While this is an idea Varney is exploring, he said a distance learning hub still comes with the same challenge of finding five to six staff members to work with students.

Morse High School, Bath Middle School and Woolwich Central School’s middle schoolers are following a part-time in-person and remote learning plan. Students have been split into two groups that have in-person instruction for two days each week.

Phippsburg Elementary School, Dike Newell School, Fisher Mitchell School, and Woolwich Central School grades pre-kindergarten through fifth grade have all returned to full in-person learning.

RSU 1 serves Bath, Phippsburg, Arrowsic and Woolwich. The district has reported 19 total COVID-19 cases across all six schools, according to the district’s website.
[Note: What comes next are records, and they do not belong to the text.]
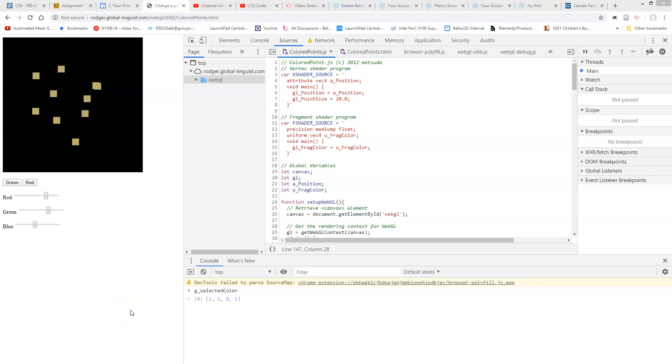So now we wish we could add a slider to control the shape size, right? When we draw these dots, they're all at a fixed size and we wish we had a way to change that.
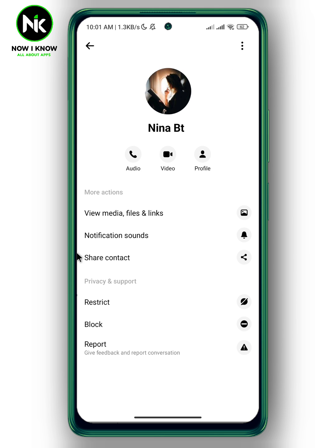Here at the bottom we have the Restrict option. To remove someone from Facebook Messenger without blocking them, you can restrict them. That will remove the conversation from your chat list, so you won't get message notifications. Also, they won't see when you read messages or your active status, and they won't get notified when you restrict them. Tap on Restrict.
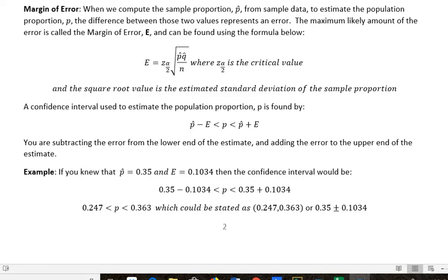The square root part of the formula is the estimated standard deviation for the sample proportion, but that's not really that important to remember. A confidence interval used to estimate the population proportion is found by taking the sample proportion, subtracting the margin of error on one end, and adding the margin of error on the other end. So if we had a sample proportion of 0.2 and a margin of error of 0.05, we'd subtract 0.05 on the lower end and add 0.05 on the upper end. You use your sample proportion to start off with.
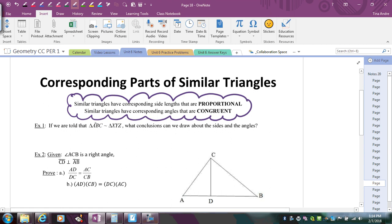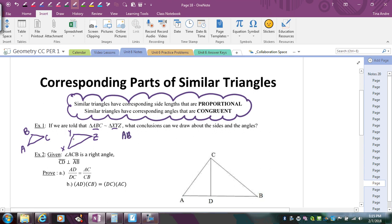So if we look at this statement here, A, B, and X, Y correspond. Let's go ahead and sketch a picture. So I have A, B, C, and then X, Y is in the same position as B, and then Z. So we know that the sides have to be proportional, so that means AB to XY is in the same ratio as BC to YZ, which is in the same ratio as AC to XZ. So the corresponding sides are all proportional.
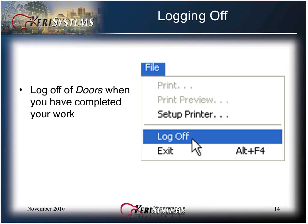Log off DOORS when you have completed your work. Logging off prevents unauthorized people from performing DOORS tasks and ensures system security. This completes Module 2 of 16, Navigating DOORS Software.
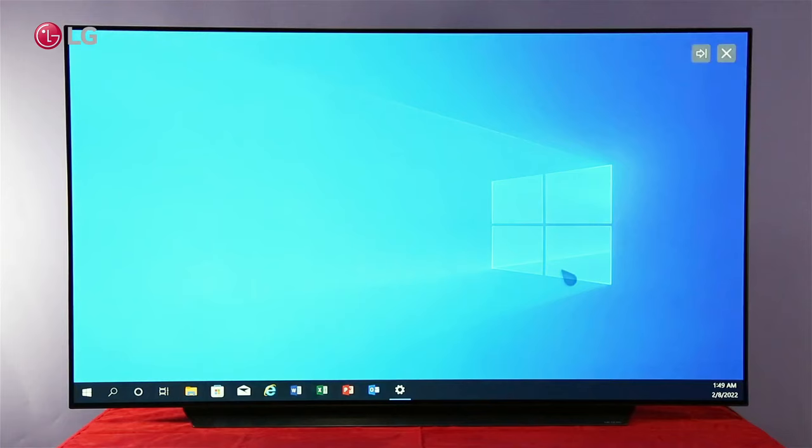The connected device will appear on the TV screen once the connection is established.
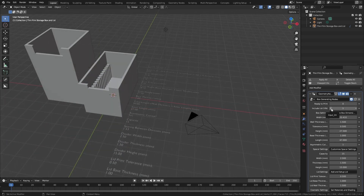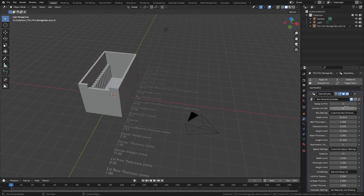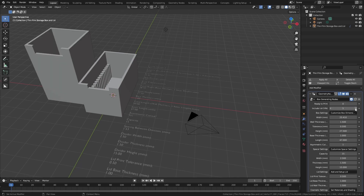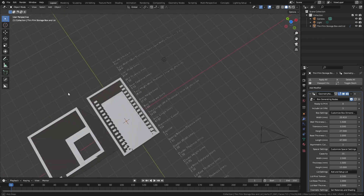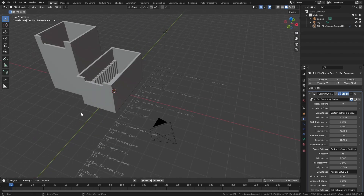There is also an option to add or remove a sliding lid with its own adjustable parameters that will be offset from the main box for better 3D printing. The sliding lid also has an asymmetric cutout and a cutout on the back to make it easier to work with in glove boxes.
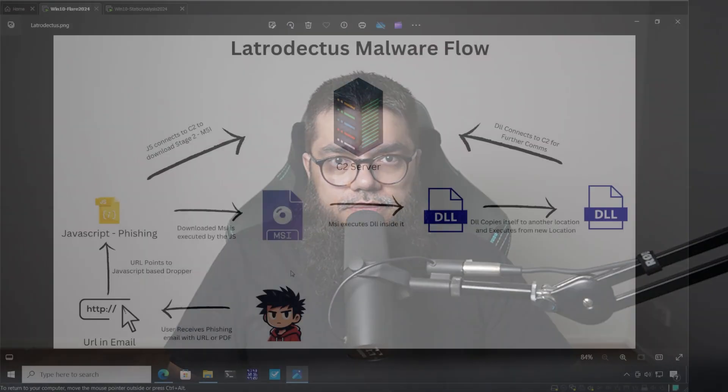Hello everyone and welcome back to the channel. In this video we will analyze the Latrodectus malware. This is part one of a two-part series. In this part we will start with analysis of the initial dropper and extract the final payload. In part two we will do static analysis of the final payload. Let's get started.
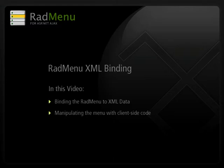Hi, my name is Aaron Rhodes of Falafel Software. Today we're going to look at the RadMenu XML binding, and we're going to look at a little bit of client API coding as well.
Four RSU 1 parents offered public comment Monday, all in favor of offering middle and high school students full in-person learning.

“The toll that this is taking on their mental health is astounding,” wrote RSU 1 parent Jillian Vaillancourt. “I am continuing to witness my outgoing 12-year-old become more and more isolated. I am hearing him talk of many of his friends experiencing depression – this is not ok.”

“The mental health of our middle and high school students has deteriorated greatly and that’s now becoming as great if not more of a threat as COVID-19,” said Hallie Johnston, parent of a Woolwich Central School sixth grader. “To be safe does not mean only COVID-free.”

Regardless of what plan school administrators are looking into, Libby, Ward and Varney all agreed full in-person instruction is best for both for students’ academic progress and mental health.

“We all feel as educators that we can work with the academic gaps that exist as a result of this pandemic, but it doesn’t feel like there’s a lot we can do to help the students that we know are struggling with isolation and depression,” said Ward.

“I certainly feel (full in-person learning) is far superior than what we’ve been able to offer, but I do need to give the reality of the situation,” said Varney.